Pictures aside, the output must consist of the lines from the one containing "2HKRW6H38JH224788: 43759401" through the end of the data, reproduced exactly.

Information supplied:
◇ ◇ ◇ ◇ ◇
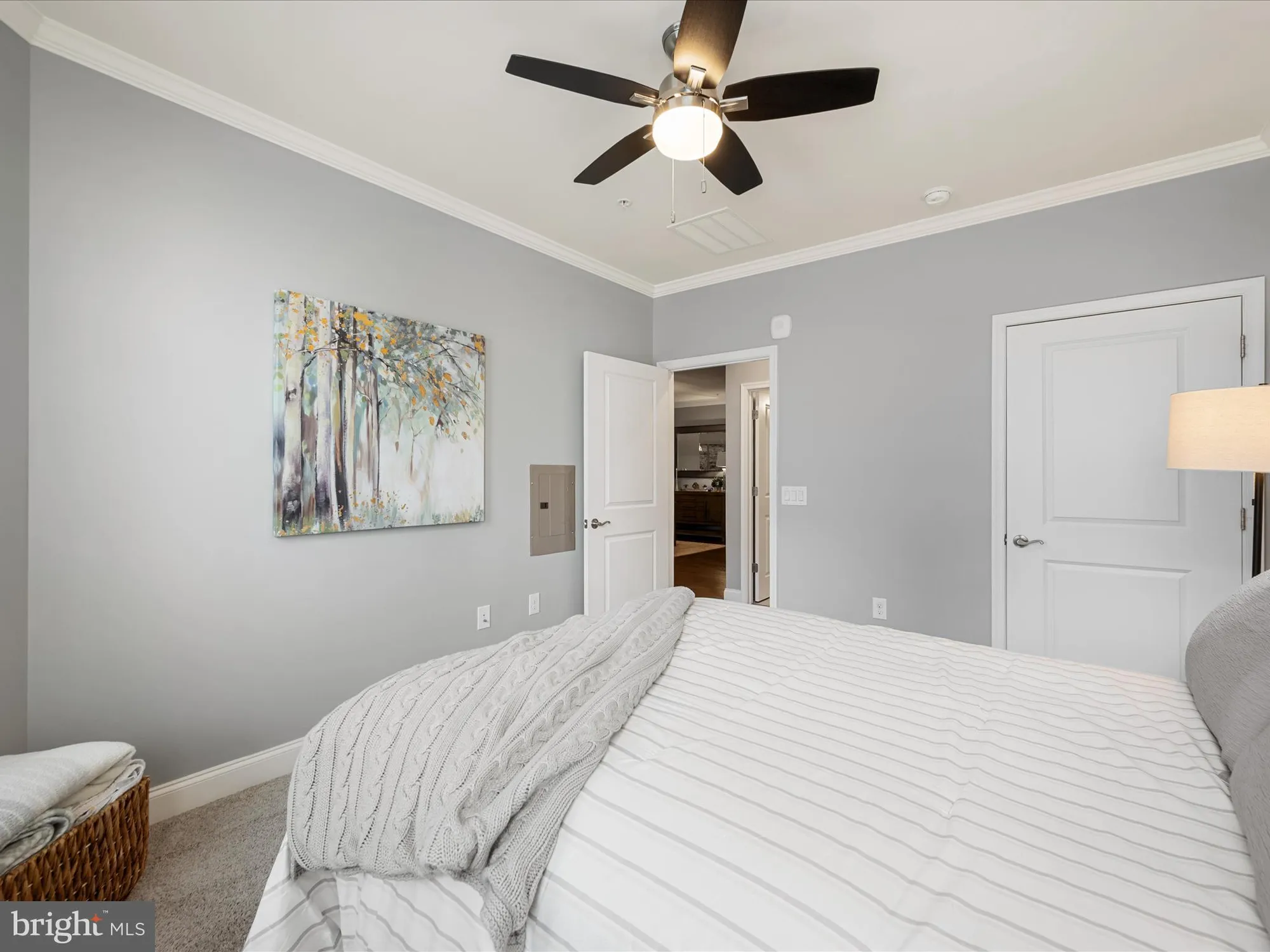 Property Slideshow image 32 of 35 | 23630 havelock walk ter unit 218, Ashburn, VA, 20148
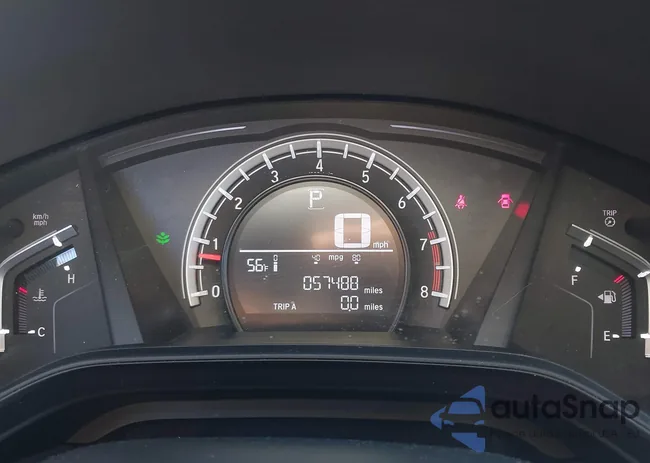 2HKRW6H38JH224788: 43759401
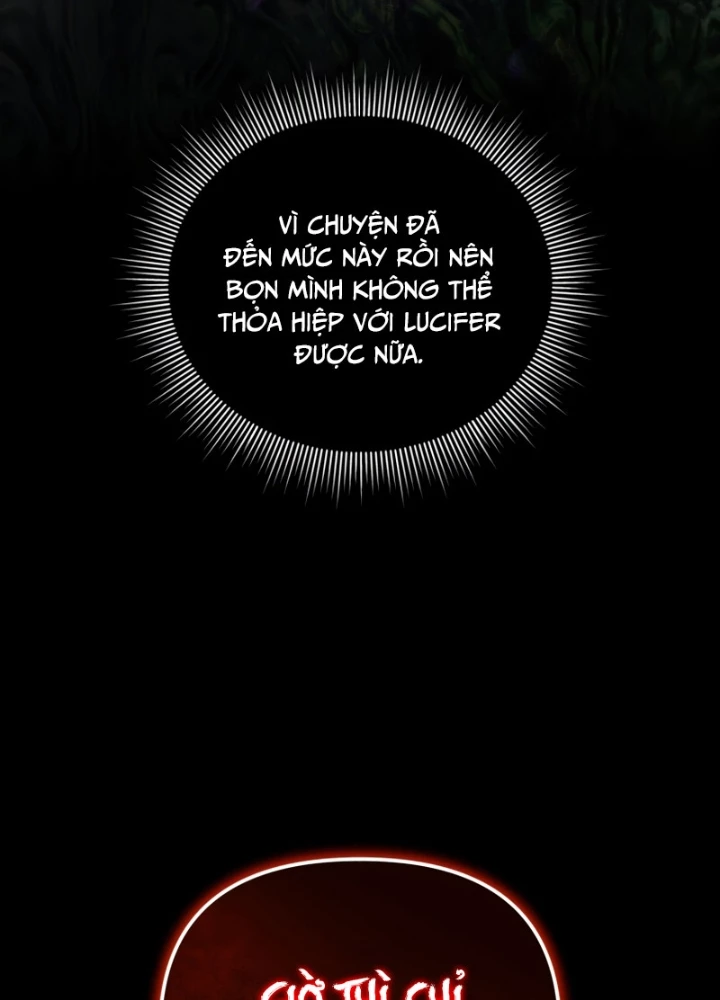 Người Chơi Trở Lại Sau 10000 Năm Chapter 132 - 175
◇ ◇ ◇ ◇ ◇
Reply:
 2HKRW6H38JH224788: 43759401
 Người Chơi Trở Lại Sau 10000 Năm Chapter 132 - 175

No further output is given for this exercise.